(Data to examine)
-------------------------

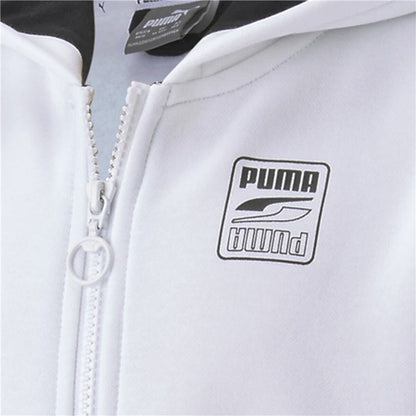 "Detaljbild på Puma-logotyp på Rebel Block Full-Zip Hoodie vit sportjacka barn."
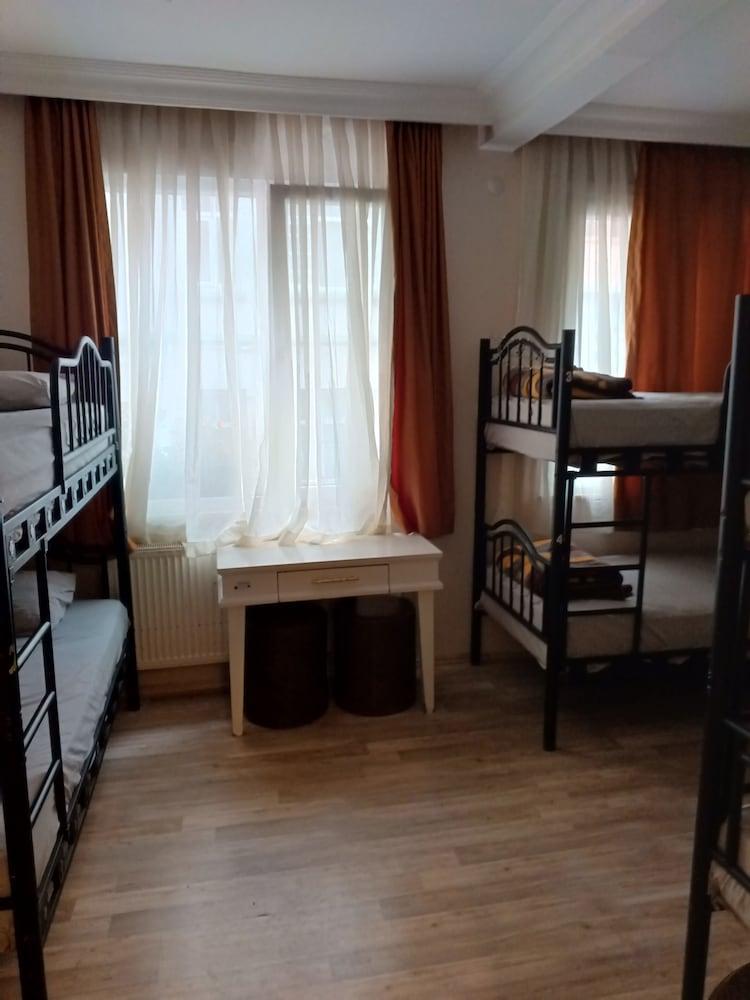 Avrasya Hostel Room Type - Shared Dormitory, Mixed Dorm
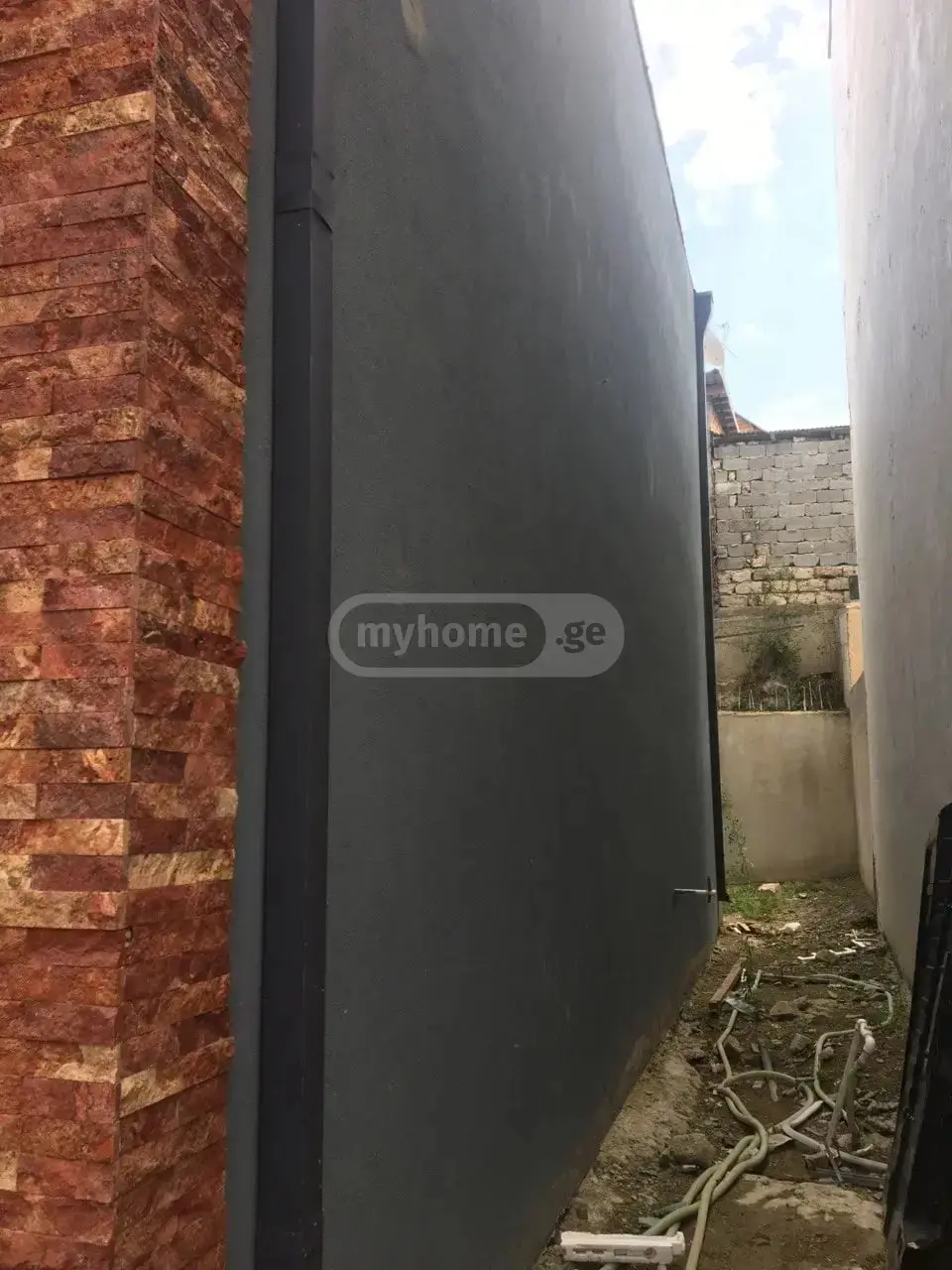 7 Room Private House For Sale view 13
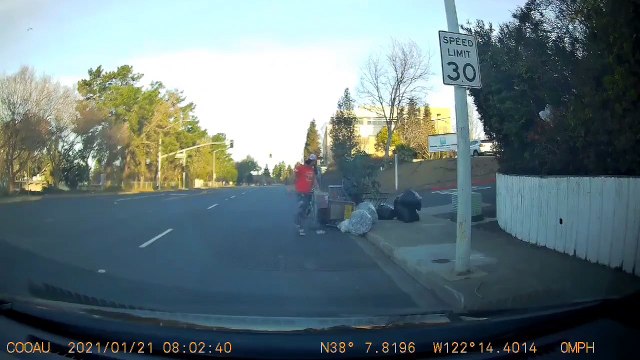 Il vient récupérer son nettoyeur haute pression volé par un SDF !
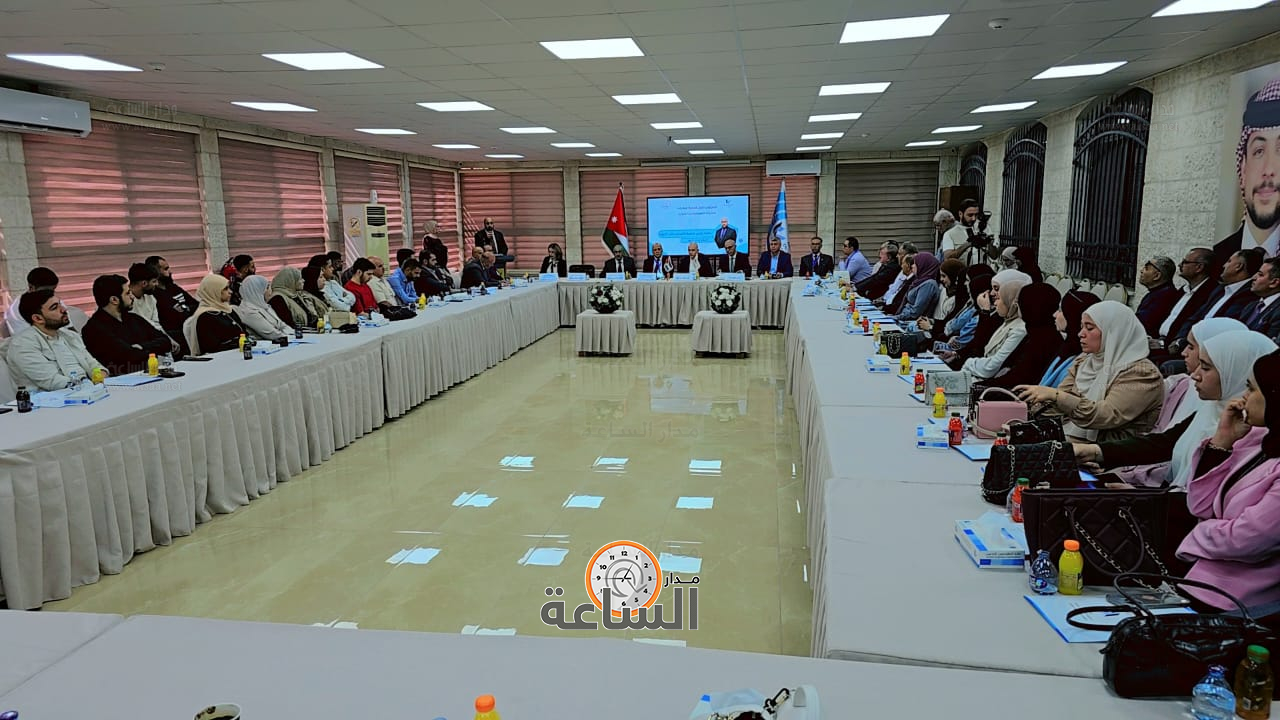 Madar Al-Saa Images 0.553947198875487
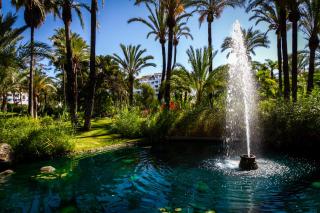 MARBELLA BANUS SUITES - Banús - Playa del Duque - Luxury Beachfront Complex - 2BR - 2BA - Direct Beach Access - Just 3 Min Walk to Puerto Banús Marina - 35,000 m2 Tropical Gardens - 3 Pools - 2 Onsite Restaurants - Ideal for Families - 4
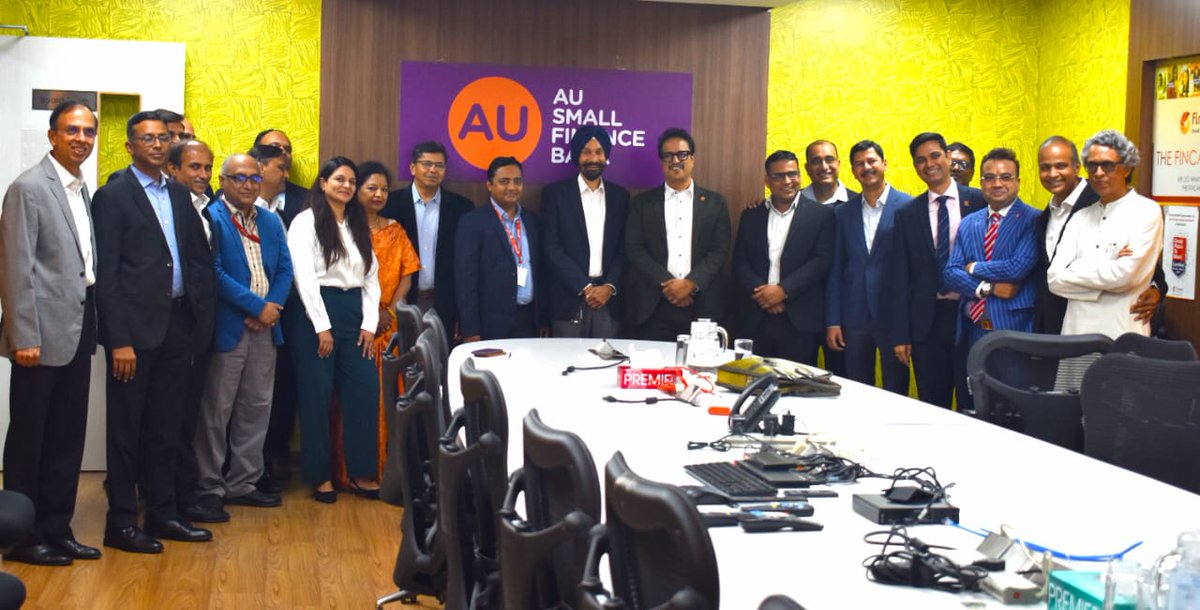 Our leadership team, led by Mr. Sanjay Agarwal, Founder, MD & CEO, and Mr. Uttam Tibrewal, Executive Director, kick-starting a new chapter with our Bangalore team post-merger. #StrongerTogether #AUSmallFinanceBank @aubankindia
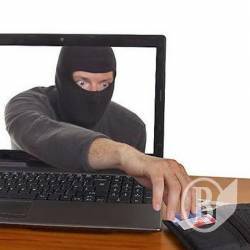 Шахрай «розвів» киянина на більш як $3 тиячі за авто з-за кордону Шахрай «розвів» киянина на більш як $3 тиячі за авто з-за кордону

-------------------------

(What you will do) Every record above must be copied exactly, and no picture may appear in the copy.

(Expected output)
 "Detaljbild på Puma-logotyp på Rebel Block Full-Zip Hoodie vit sportjacka barn."
 Avrasya Hostel Room Type - Shared Dormitory, Mixed Dorm
 7 Room Private House For Sale view 13
 Il vient récupérer son nettoyeur haute pression volé par un SDF !
 Madar Al-Saa Images 0.553947198875487
 MARBELLA BANUS SUITES - Banús - Playa del Duque - Luxury Beachfront Complex - 2BR - 2BA - Direct Beach Access - Just 3 Min Walk to Puerto Banús Marina - 35,000 m2 Tropical Gardens - 3 Pools - 2 Onsite Restaurants - Ideal for Families - 4
 Our leadership team, led by Mr. Sanjay Agarwal, Founder, MD & CEO, and Mr. Uttam Tibrewal, Executive Director, kick-starting a new chapter with our Bangalore team post-merger. #StrongerTogether #AUSmallFinanceBank @aubankindia
 Шахрай «розвів» киянина на більш як $3 тиячі за авто з-за кордону Шахрай «розвів» киянина на більш як $3 тиячі за авто з-за кордону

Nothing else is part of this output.